Of course there are those who believe that government just cannot solve the problem. But these folks have proposed remarkably thin gruel in response; e.g., the Republican “plan” that will only cover 3 million people. The only reasonable conclusion is that Republicans don’t think there’s an actual problem.

If they could come right and say that they don’t care about the uninsured, at least we’d have some honesty. But they know that Americans want health coverage for their uninsured countrymen. So they have to come up with “solutions” that don’t actually solve anything and cost very little. Health insurance, in this mode, is about marketing rather than solving problems: Republicans can continue to market themselves as the party of fiscal discipline and mock Democrats as “tax and spend”, all without actually doing anything.

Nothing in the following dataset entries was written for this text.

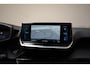 Peugeot 2008 1.2 PureTech Allure [ LED Navi Camera ]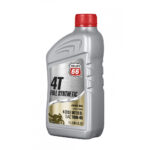 700_phillips66_4t_synthetic_motorcycle_oil_10w_40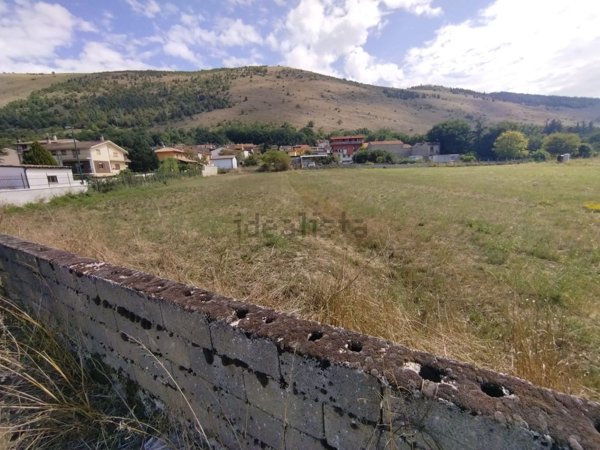 immagine annuncio 0 di 1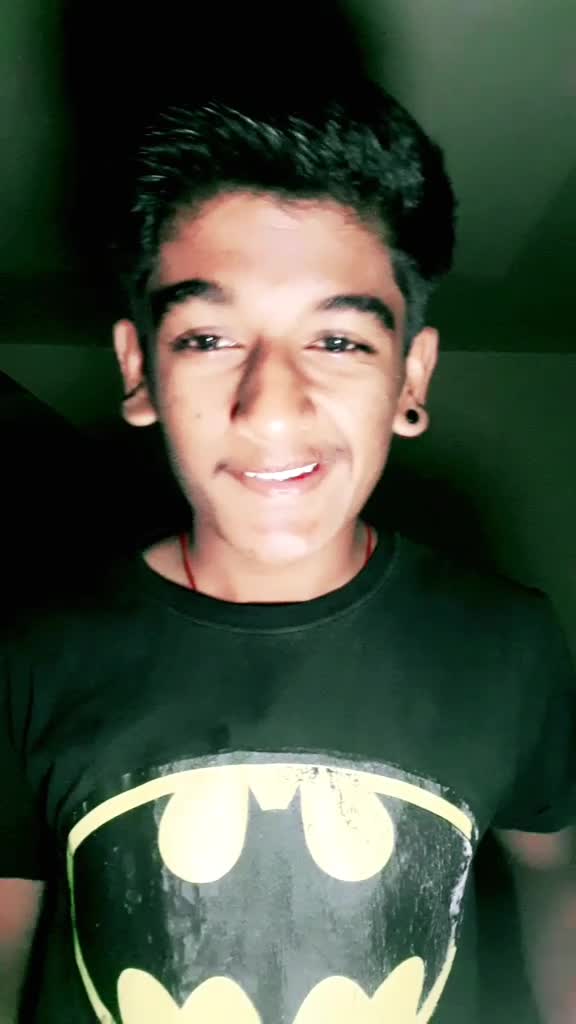 @Param rajpurohit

So again, the choice is simple: either you think it’s a problem that tens of millions of your fellow-Americans lack insurance and can go bankrupt just by getting sick, or you don’t. If you do, there’s one political party that’s trying to solve it, and one that views the uninsured as a marketing tool. If you believe that the uninsured are a problem, but you have problems with the Democrats’ plans, do all you can to fix those plans. Don’t look to Republicans for a solution, because all they have to offer is empty sloganeering.